**Task goal**
Your copy of the data below must be exact and must leave out all pictures.

**Available data**
• • • • • • •
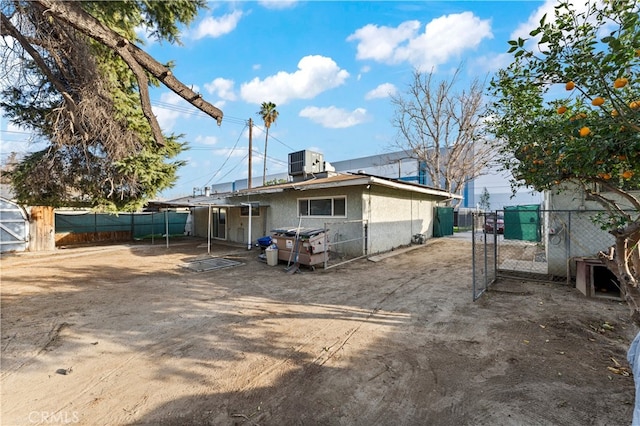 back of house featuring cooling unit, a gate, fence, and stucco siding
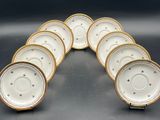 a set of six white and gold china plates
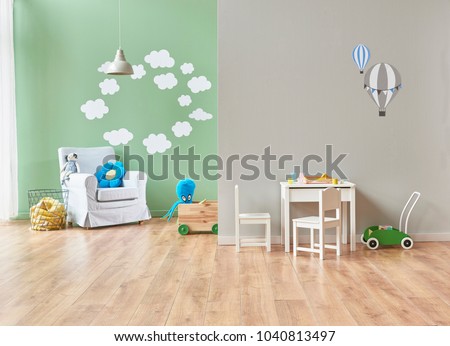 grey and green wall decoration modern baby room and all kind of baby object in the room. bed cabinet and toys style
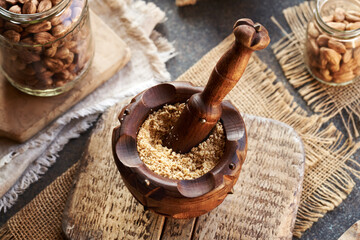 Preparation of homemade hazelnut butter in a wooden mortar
• • • • • • •
**Written response**
 back of house featuring cooling unit, a gate, fence, and stucco siding
 a set of six white and gold china plates
 grey and green wall decoration modern baby room and all kind of baby object in the room. bed cabinet and toys style
 Preparation of homemade hazelnut butter in a wooden mortar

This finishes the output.